54 patients were investigated for CPSS with a median age of 1.1 years (IQR 0.2-11.8 years) at presentation-7 intrahepatic shunts resolved spontaneously and were excluded. Type 1 (without intrahepatic portal flow) had a higher rate of all hepatic tumors than Type 2 (partial intrahepatic portal flow) [18/22(82%) vs. 9/25(36%); p = 0.003); and malignant tumors (6/22(27%) vs 1/25(4%); (p = 0.04). Following shunt closure, 4/11(36%) of patients experienced partial and 3/11(27%) complete tumor regression. Pulmonary hypertension and hepatopulmonary syndrome affected 4(9%), and 3(6%) patients, respectively. Pulmonary complications affected 1 patient with Type 1 and 6 with Type 2 shunts (p = 0.1). Neurocognitive anomalies were identified in 16/47(34%) patients, 8/22(35%) with Type 1 shunts and 8/25(32%) with Type 2 shunts (p = 0.76). 9/47 (19%) required special needs schooling.

CONCLUSIONS

Severity of portal venous deprivation (Type 1 CPSS) increases the risk of hepatic tumors and surgical closure is associated with a reduction in size or complete resolution of benign tumors.

摘要

背景与目的

先天性门体分流(CPSS)与多系统并发症相关,最常见的是肝肿瘤。本研究旨在探讨 CPSS 并发症的发生率,并确定肝肿瘤的自然史及其与分流关闭的关系。

方法

对 1990 年至 2020 年期间转诊的 CPSS 患者进行单中心回顾性队列研究。回顾了人口统计学、实验室、影像学和组织学检查、临床演变和手术的数据。连续数据采用 Mann-Whitney 检验,分类数据采用 Fisher 确切检验。

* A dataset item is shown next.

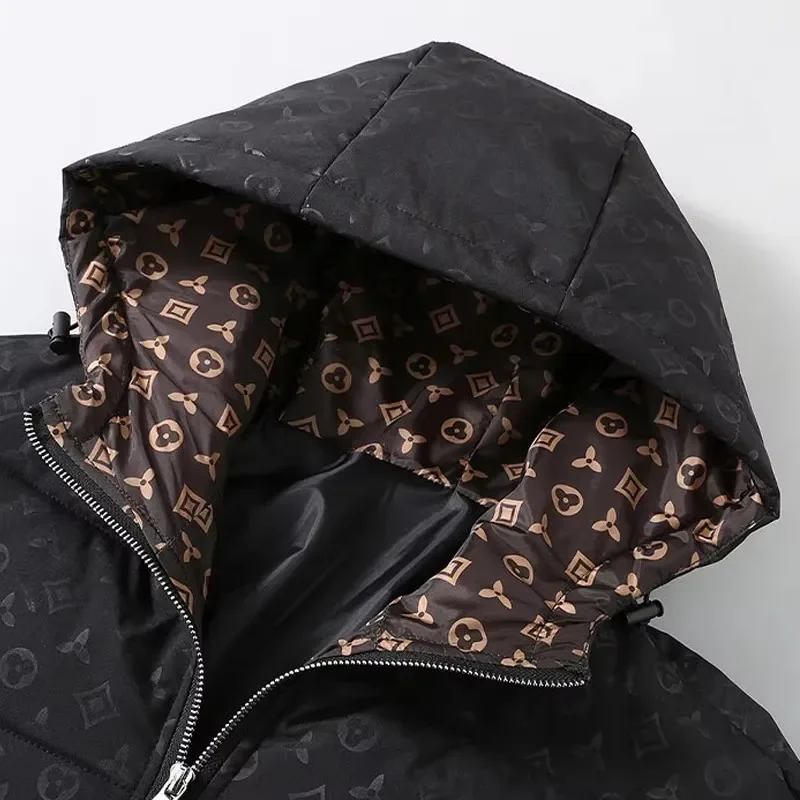 Herren 2025, Winter-Daunenjacke, mit Kapuze, mit Baumwolle gefütterter Mantel, dicker, winddichter Parka, Street-Style-Bomberjacke, Herren-Skijacke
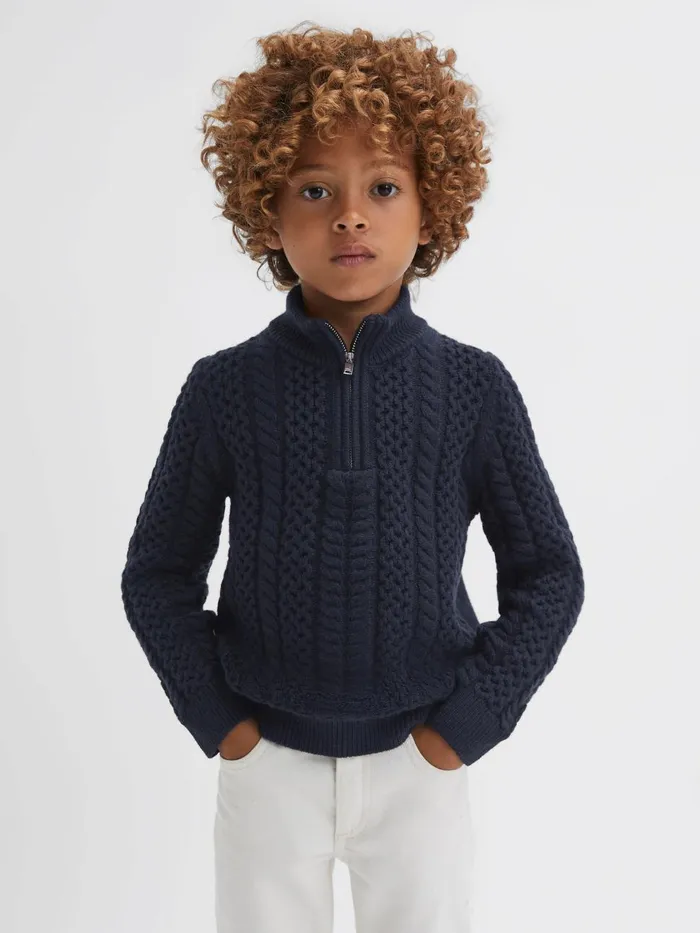 Children Reiss Knitwear Bantham Slim Fit Knitted HalfZip Jumper Navy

p 值<0.05 认为有统计学意义。

结果

共调查了 54 例 CPSS 患者,中位年龄为 1.1 岁(IQR 0.2-11.8 岁)。7 例肝内分流自行缓解,予以排除。1 型(无肝内门静脉血流)的所有肝肿瘤发生率高于 2 型(部分肝内门静脉血流)[18/22(82%)比 9/25(36%);p=0.003);恶性肿瘤(6/22(27%)比 1/25(4%);p=0.04)。分流关闭后,11 例患者中 4 例(36%)出现部分肿瘤消退,3 例(27%)完全肿瘤消退。4(9%)例患者患有肺动脉高压,3(6%)例患者患有肝肺综合征。1 例 1 型分流和 6 例 2 型分流患者(p=0.1)出现肺部并发症。47 例患者中有 16 例(34%)存在神经认知异常,22 例 1 型分流中有 8 例(35%),25 例 2 型分流中有 8 例(32%)(p=0.76)。9/47(19%)例需要特殊教育。

结论

门静脉剥夺的严重程度(1 型 CPSS)增加了肝肿瘤的风险,手术关闭与良性肿瘤大小减小或完全消退相关。